* What this task involves
Would you transcribe the records below from the line with "где найти наркотики" to the line with "Huawei - 56188645", ends included, exactly and with nothing more, leaving the pictures out?

* Material for the task
BEGIN

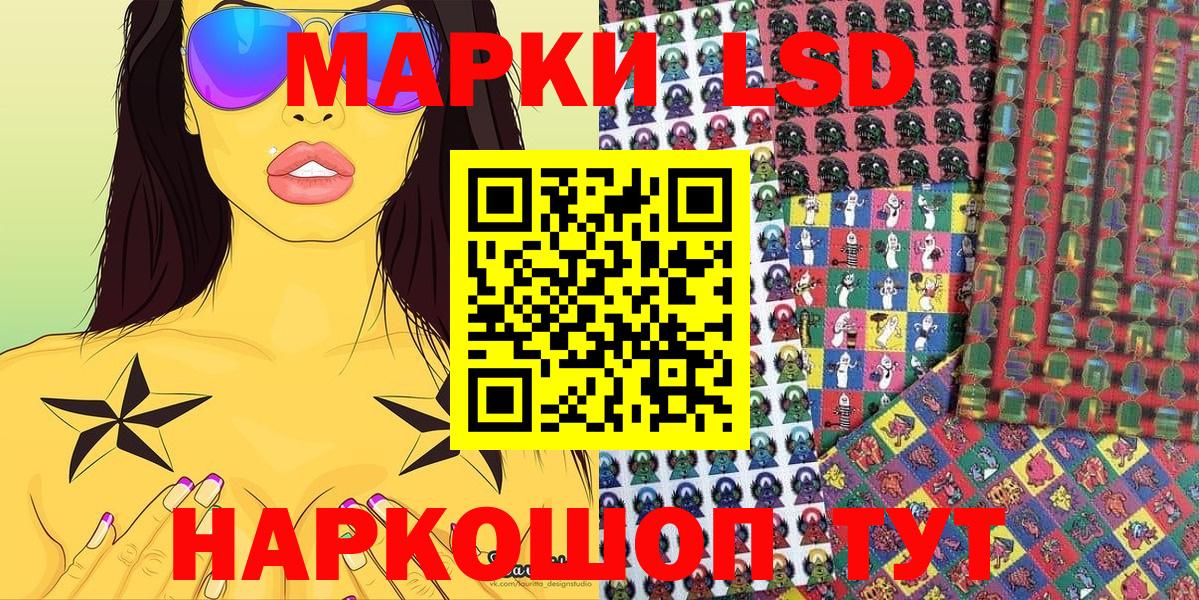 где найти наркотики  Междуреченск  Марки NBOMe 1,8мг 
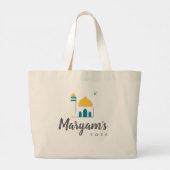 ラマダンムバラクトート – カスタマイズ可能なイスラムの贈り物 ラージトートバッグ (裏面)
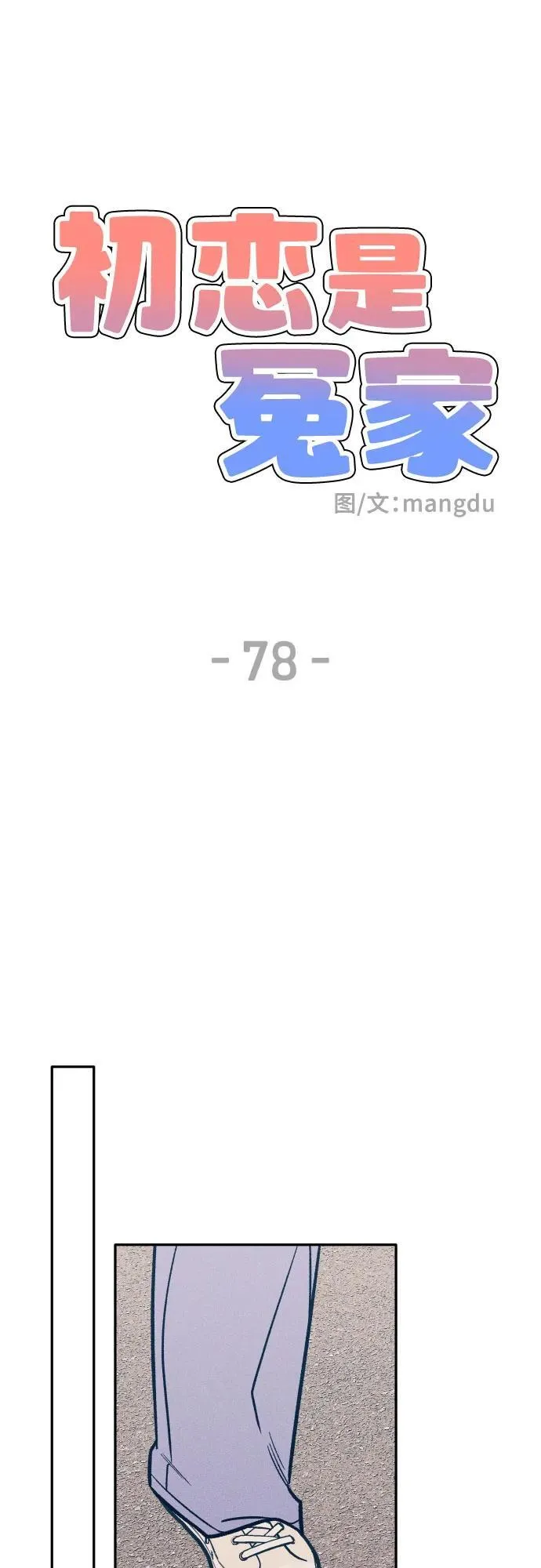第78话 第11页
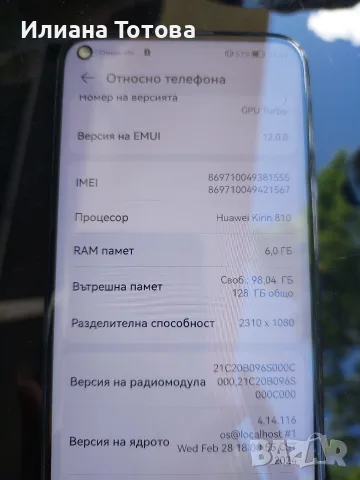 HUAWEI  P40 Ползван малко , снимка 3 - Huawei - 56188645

END
BEGIN

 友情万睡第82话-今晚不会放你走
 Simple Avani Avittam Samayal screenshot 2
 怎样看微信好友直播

END
BEGIN

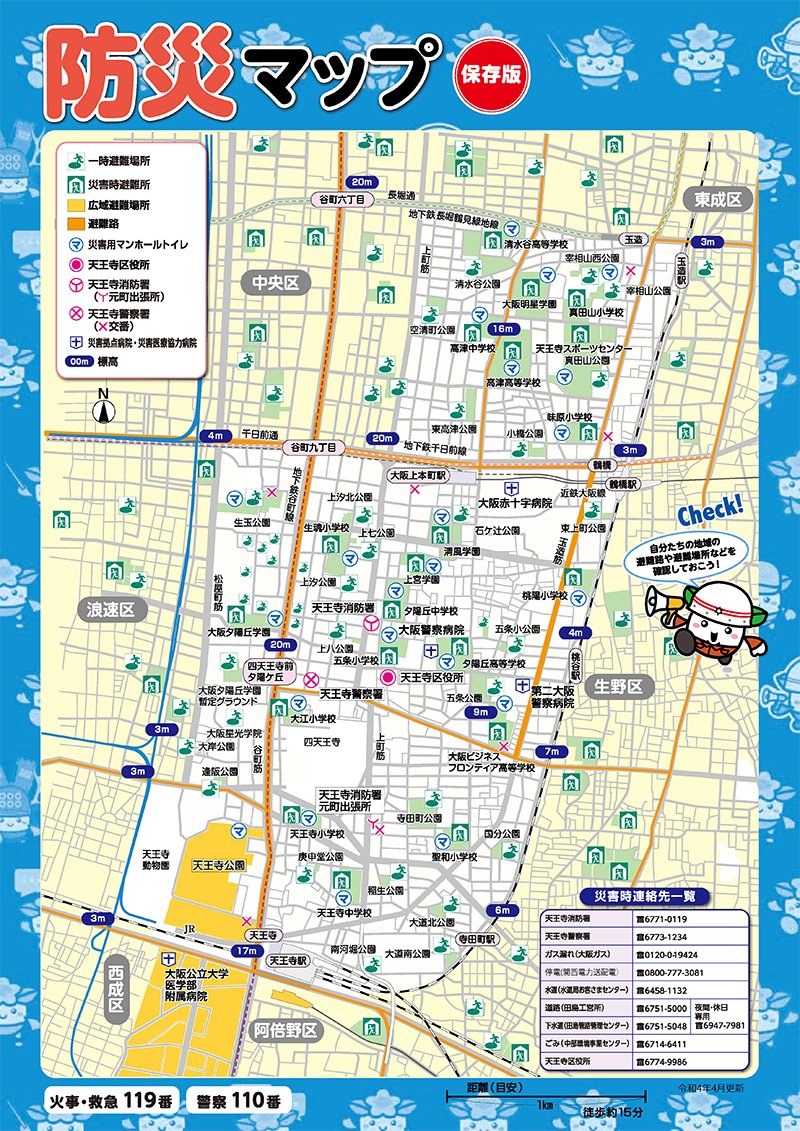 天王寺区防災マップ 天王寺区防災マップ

END

* Solution
 где найти наркотики  Междуреченск  Марки NBOMe 1,8мг 
 ラマダンムバラクトート – カスタマイズ可能なイスラムの贈り物 ラージトートバッグ (裏面)
第78话 第11页
 HUAWEI  P40 Ползван малко , снимка 3 - Huawei - 56188645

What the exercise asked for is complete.